This is one I might regret, come May and the end of the season.
First of all, this post is about soccer football, not football football (which I don’t know the first thing about). My friends and I play the popular online Fantasy Premier League game for English soccer teams. I’m a pretty avid fan of the league, at least as Americans go—but every year, my fantasy team ends up doing much worse than my passion and intellect deserve. This year, I’m putting hard data to the test in the age-old question: Is modern data analysis really better than old-fashioned experience and human intuition?
Here’s the scoop. The Fantasy Premier League (FPL) website gives you £100.0 at the start of the season to build a roster of 15 players, 11 starters and 4 subs. Better players cost more; worse players are cheaper. Points are assigned to each player after every matchday for things like scoring goals, getting assists, keeping clean sheets, or being man of the match. The key to this game—and the “human intuition” argument—is to identify the “hidden gems,” the undervalued players ready to take the league by a storm and start banging in goals when no one expected them to.
I created two teams this year, my intuition team and my data-optimized team. Due to laziness and procrastination, both were created late: my intuition team after the first matchday and my data team after the second matchday (so the data team has some catching-up to do, already). I downloaded all of last year’s players and their final point tallies and prices, and let my optimization algorithm (see below) do the work. Then I went to China for two weeks with my family. When I got back, it was matchday 5 and I reprogrammed the algorithm to use point values amassed during the current season instead. Each week this season, I plan to run the optimization and update my data team according to its dictates; I will also maintain my intuition team as independently as I can, as a best-attempt at a control.
Interesting Results
The most interesting results on this one might have to wait until the end of the season, when I will surely post an update here. However, even my initial optimized team was strongly defender-focused, a very surprising result for me. Traditional wisdom generally favors as attacking a team as possible, with formations like 3-4-3 or 3-5-2, to maximize the team’s lucrative goals count. Yet my initial optimizations returned teams in 5-4-1 or 4-5-1 formations, highly defensive organizations. It appears that FPL assigns higher prices per point to attackers, and the real play might be to go for solid, dependable defenders. Or maybe it was just a fluke?
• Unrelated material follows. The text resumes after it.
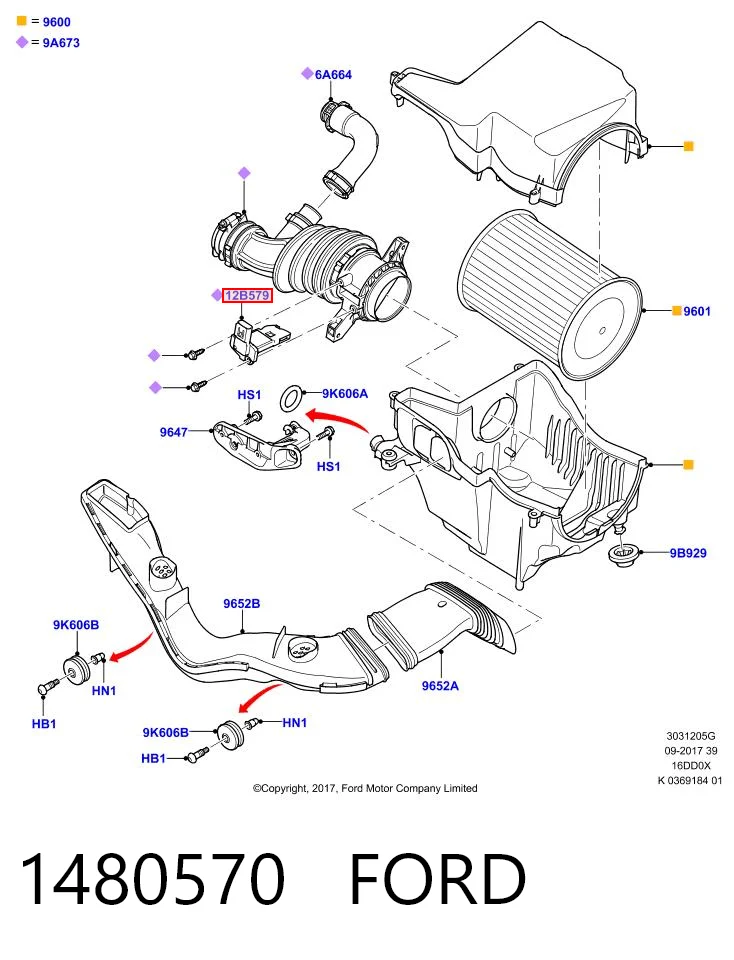 1480570 Ford Sensor de fluxo (consumo) de ar, medidor de consumo M.A.F. - (Mass Airflow)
My sample size is, after all, 1—for the time being.
My code and data can be found here. Feel free to use it.
For the Interested: How the Optimization Works
Okay, I don’t believe that this operation actually requires such a heavy-duty optimization algorithm, or maybe even any sort of optimization algorithm: you could probably achieve the same result by just calculating a points per dollar ratio for each player and choosing the top 11 that satisfy the relatively simple requirements. But where’s the fun in that? Here’s what I implemented instead.
Any optimization algorithm needs some value to optimize: to compare better vs. worse. In this case, it’s pretty simple: total points of the starting 11 players. The reason this could be a nontrivial optimization problem is because of the restrictions placed upon rosters: (1) Total cost must not exceed £100.0; (2) Roster must be comprised of 2 goalkeepers, 5 defenders, 5 midfielders, and 3 attackers; (3) No more than 3 players from the same real-life team; and (4) The starting 11 (a.k.a. the point-scoring subset of the team) must be one of 7 valid formations (e.g. you can’t play 2 defenders, 5 mids, and 3 forwards).
Checking all possible rosters for the absolute best one would require 8.4*10^26 iterations. Even at a million iterations a second, that would take over 26 trillion years to complete. This is where optimization comes in: instead of checking each possibility, start with a random roster, then swap one or more random players in the team for random new players. If the new team is better than the old one, keep the swap; otherwise, revert back to the old team. Do this a few million times, and you should get pretty close to the best possible team.
This is the basic idea behind the simplest “hill-climbing” optimization. For this project I implemented something closer to a Metropolis-coupled Markov chain Monte Carlo method (better known as MCMCMC, or MC3). There is a large and highly unnavigable body of literature on these types of optimization methods, and I am severely unqualified to represent it; however, by my understanding, MCMCMC performs this simple optimization procedure multiple times in a “chain” of parallel rosters, with varying “temperatures” or degrees of acceptance of worse outcomes. So the first roster in the chain would be the “cold” one and only ever accept swaps that yield a better team. The subsequent rosters in the chain would be progressively hotter, meaning they have higher probabilities of accepting a swap that yields a worse team. The last and hottest roster, for instance, might just be swapping completely randomly, regardless of whether each swap yields a better or worse team. Then, if ever a hotter roster has a better team than a colder one, the chain is reorganized “bucket-brigade” style and the better roster gets passed down the temperature scale.

Why do this? Having a bunch of hotter rosters to back up the cold one enables it to get out of local maxima, or positions where no single swap yields a better team (so the optimization is “stuck”), but it’s still not the overall best team it could be. By enabling varying temperatures, some rosters are allowed to “regress” a little bit from the local maximum and “restart” from a different, worse point, but which may yield better results in the end.